The number of gain-adjusted codevectors as M, the plurality of codevectors comprises M / 2 pieces of linearly independent codevectors,
Step c includes comparing M code vectors, the M code vectors being based on the M / 2 linear independent code vectors and the two positive and negative sign values of the code vectors. The method according to claim 1.

The method of claim 1, further comprising the step of storing output indices and filter parameters.

The method of claim 1, further comprising the step of transmitting the output indicator and filter parameters to a communication medium.

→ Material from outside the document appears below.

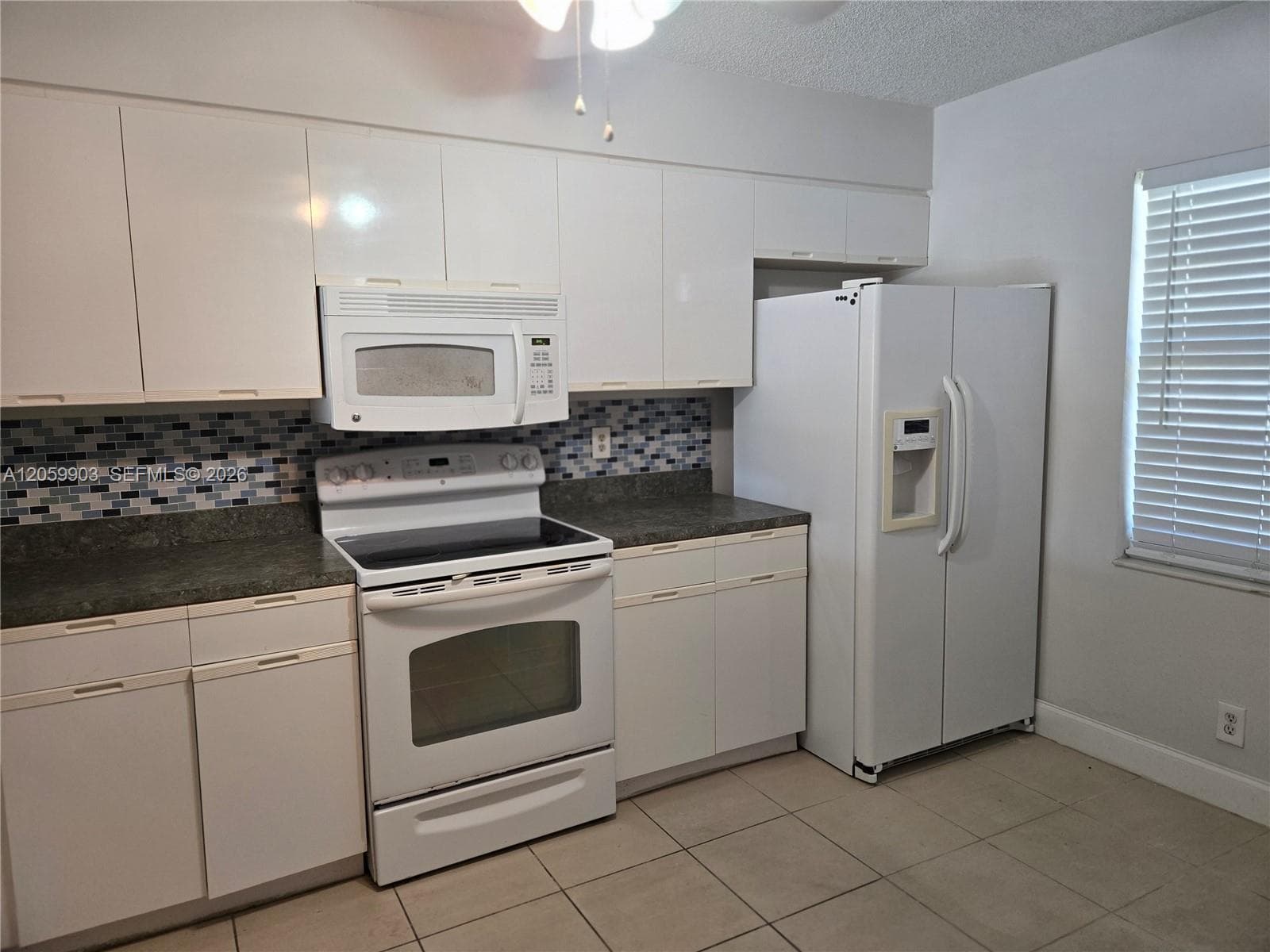 3020 Florida Blvd # 203-C, Delray Beach, FL 33483 — zdjęcie 4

The method processes the previously set additional input samples string following the processed input sample sequence,
e. Adjusting a filter parameter of the synthesis filter in response to a previous input sample sequence;
f. Repeating steps a to d for the next input sample sequence in the set of additional input sample sequences;
g. The method of claim 1, further comprising repeating steps e and f until each column in the set of additional input sample sequences is processed.

The method according to claim 1, wherein the step c includes determining a candidate code vector having a minimum difference from the input sample sequence.